Global automotive industry performs better than expected

Global passenger car sales rose by 4.8% to 62.0 million vehicles in fiscal year 2011, beating the previous industry record set in 2007. Growth was primarily driven by the USA, China and Russia. South America also performed well and exceeded the record prior-year level. Demand in Western Europe was only slightly down year-on-year, mainly due to the upturn of the German market, while the markets in Central and Eastern Europe continued to recover. With the exception of China, new vehicle registrations in the Asia-Pacific region fell short of the previous year’s result due to the dramatic market downturn in the wake of the natural disasters in Japan. Passenger car sales continued to improve in South Africa but did not reach 2007 levels.

Global automobile production rose by 3.6% to 80.3 million units in the reporting period, of which 66.3 million were attributable to passenger cars (+4.6%).

Sector-specific environment

The established passenger car markets turned in a mixed performance in fiscal year 2011. While some industrialized countries were negatively affected by the debt crisis and its repercussions, others – in particular Germany – profited from the robust demand in the growth markets in the first half of the year. As expected, the expiry of government incentives in Western Europe also had an adverse effect. By adopting active manufacturer and dealership risk management and cooperating closely with financial service providers, the industry succeeded in overcoming the impact of this.

The extensive development of the major markets in China and Brazil, the expansion of activities in India and the ability to meet demand in Russia are becoming increasingly important for the automotive industry.

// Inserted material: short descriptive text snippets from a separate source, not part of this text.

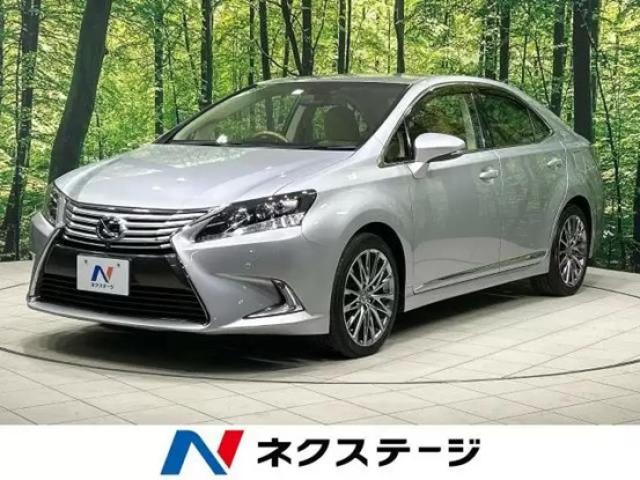 【2024年】レクサス セダンの現行モデルを徹底比較!中古車情報も紹介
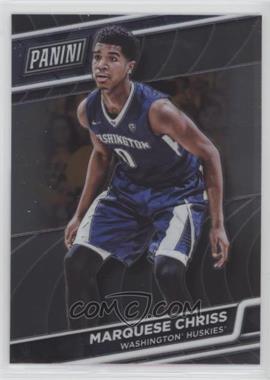 2016 Panini National Convention - VIP #75 - Marquese Chriss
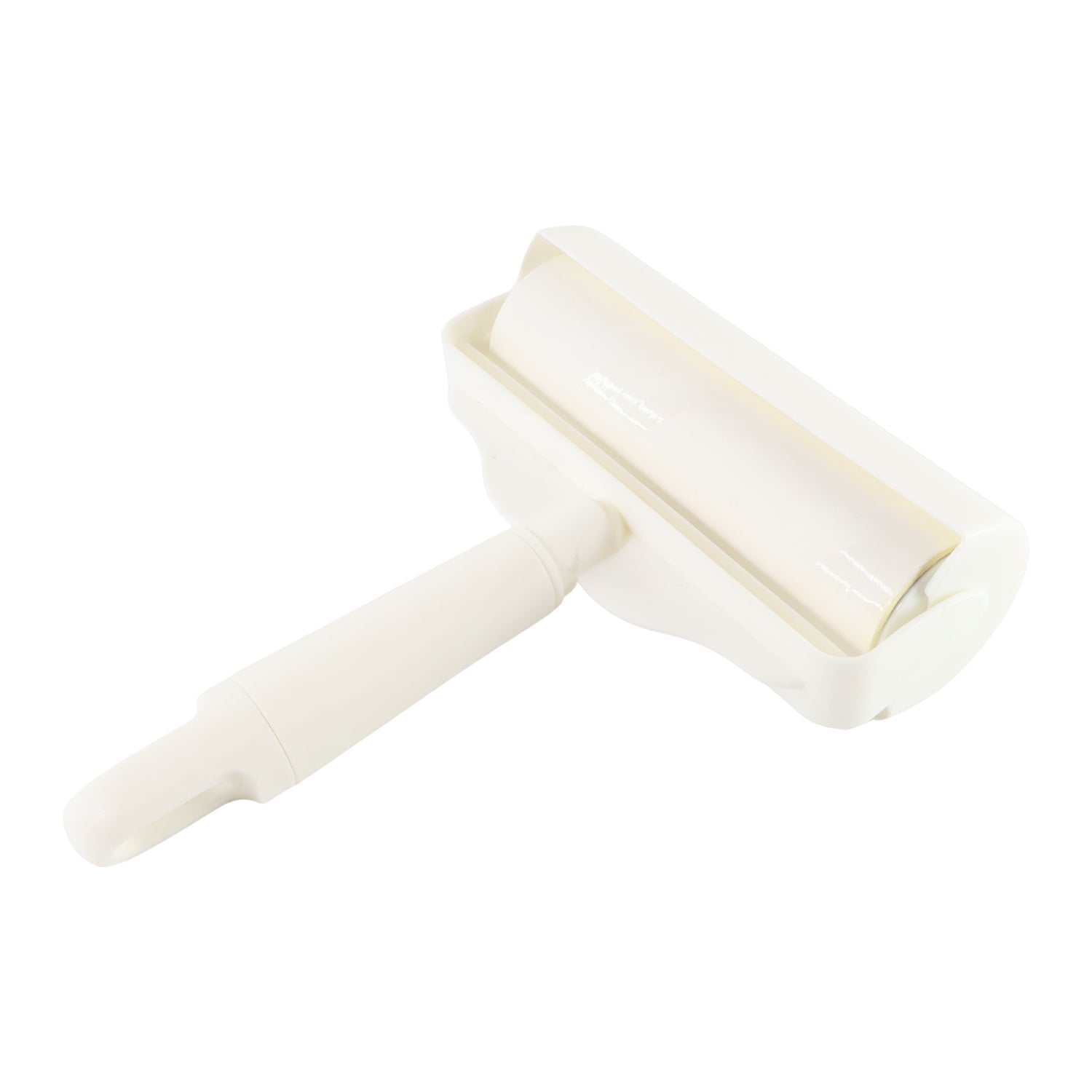 Extra-Wide Lint Roller 23 × 20 cm Handle & Barrel  - (1 Pc)
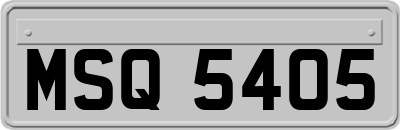 MSQ5405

Many Asian, African and Latin American markets are showing signs of further easing in free trade. However, it cannot be ruled out that these countries will fall back on protectionist measures in the event of another global economic slump.

Vehicles in thousands

Volkswagen Group deliveries by month (line chart)

Europe/Remaining markets

New vehicle registrations in the Western European markets declined slightly in the reporting period to a total of 12.8 million vehicles, down 1.5% on the prior-year figure and the lowest overall market volume recorded in the last 16 years. In most high-volume markets, the decrease was primarily attributable to the extremely weak first quarter of 2011 as against the previous year, which was due in particular to the expiry of government incentives over the course of 2010. Slow economic growth, rising unemployment and the debt situation in some countries led to market volumes that were, in some cases, significantly below prior-year levels. Spain (–17.7%), Italy (–11.6%), the United Kingdom (–4.4%) and France (–2.1%) all suffered losses in fiscal year 2011. By contrast, the German passenger car market performed strongly, up 8.8% on the extremely weak prior-year level. The market share of diesel vehicles in Western Europe exceeded the previous high recorded in 2007, rising significantly to 55.4% in the reporting period as against 51.7% in 2010.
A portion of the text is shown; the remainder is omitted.